• **DATA**
════════════════
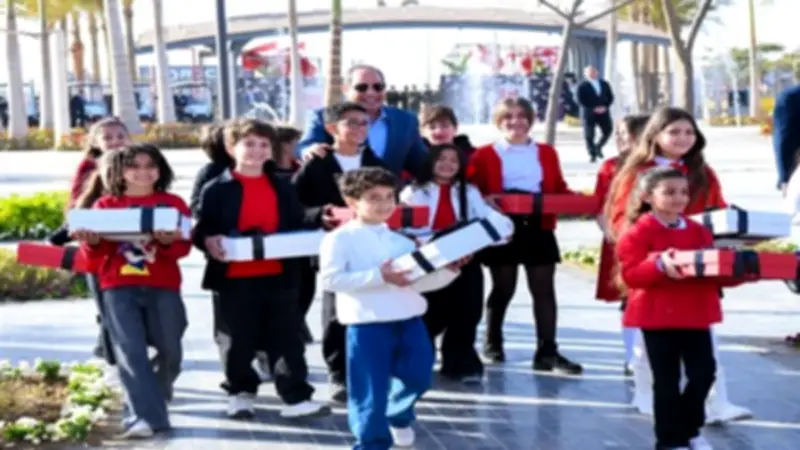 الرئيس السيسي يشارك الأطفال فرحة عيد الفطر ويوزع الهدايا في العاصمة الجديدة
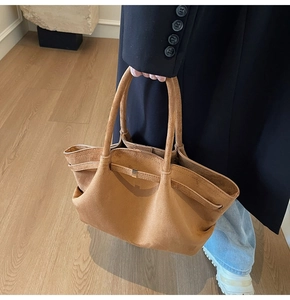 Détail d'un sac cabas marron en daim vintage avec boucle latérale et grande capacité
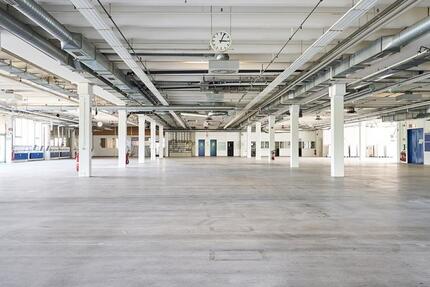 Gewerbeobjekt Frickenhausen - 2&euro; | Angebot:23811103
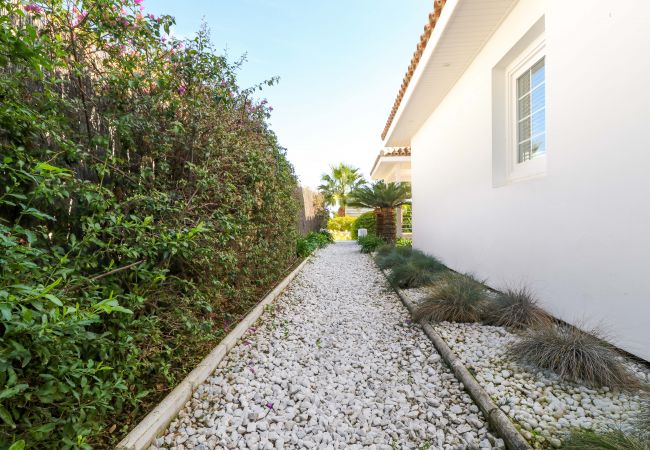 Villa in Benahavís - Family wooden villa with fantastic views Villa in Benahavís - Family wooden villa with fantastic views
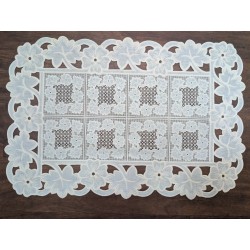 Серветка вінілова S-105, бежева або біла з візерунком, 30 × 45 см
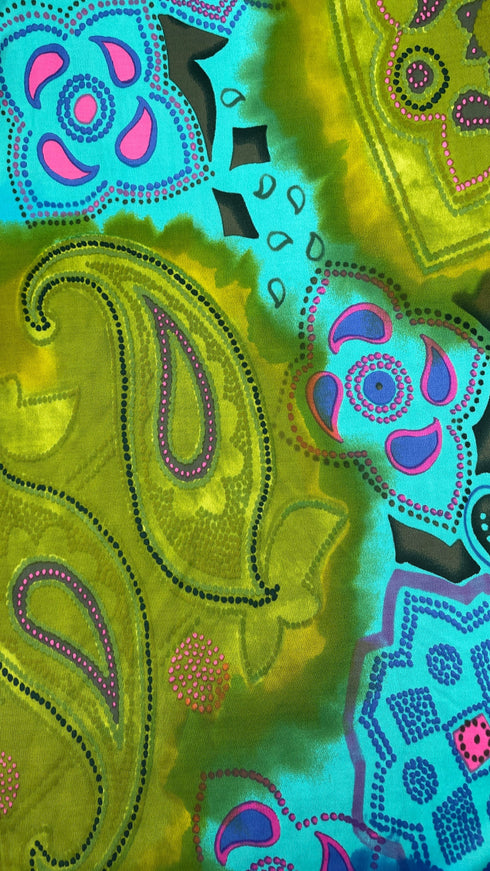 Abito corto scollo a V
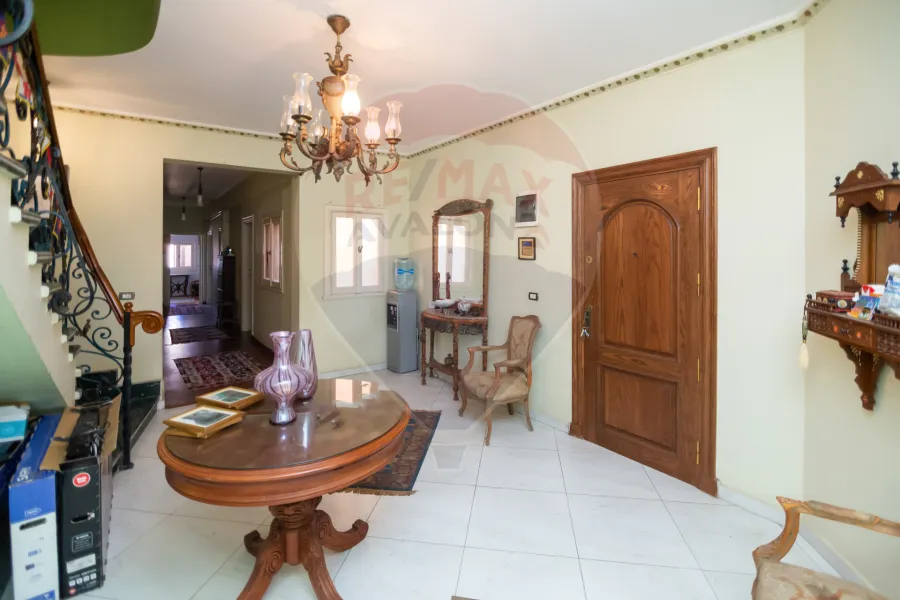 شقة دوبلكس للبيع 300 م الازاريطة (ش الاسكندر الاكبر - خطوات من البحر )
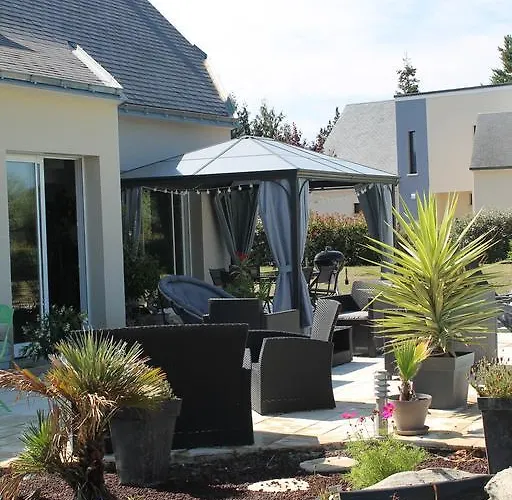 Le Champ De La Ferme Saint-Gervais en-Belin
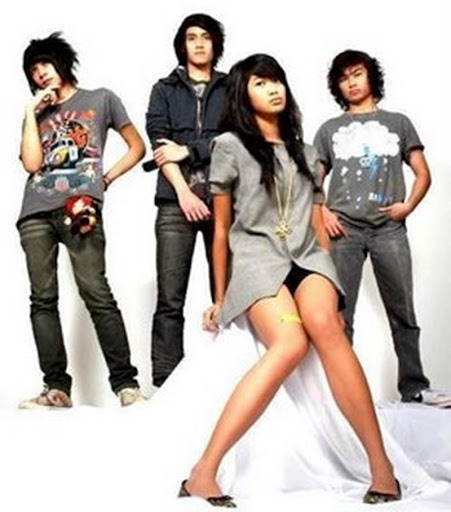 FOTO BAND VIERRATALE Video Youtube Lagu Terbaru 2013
════════════════
• **WHAT YOU SHOULD DO**
Everything from the line with "fantastic views Villa" through the end of the records above, both ends included, is to be reproduced exactly, and nothing outside that span; the pictures are to be dropped.

• **OUTPUT OF THE EXERCISE**
 Villa in Benahavís - Family wooden villa with fantastic views Villa in Benahavís - Family wooden villa with fantastic views
 Серветка вінілова S-105, бежева або біла з візерунком, 30 × 45 см
 Abito corto scollo a V
 شقة دوبلكس للبيع 300 م الازاريطة (ش الاسكندر الاكبر - خطوات من البحر )
 Le Champ De La Ferme Saint-Gervais en-Belin
 FOTO BAND VIERRATALE Video Youtube Lagu Terbaru 2013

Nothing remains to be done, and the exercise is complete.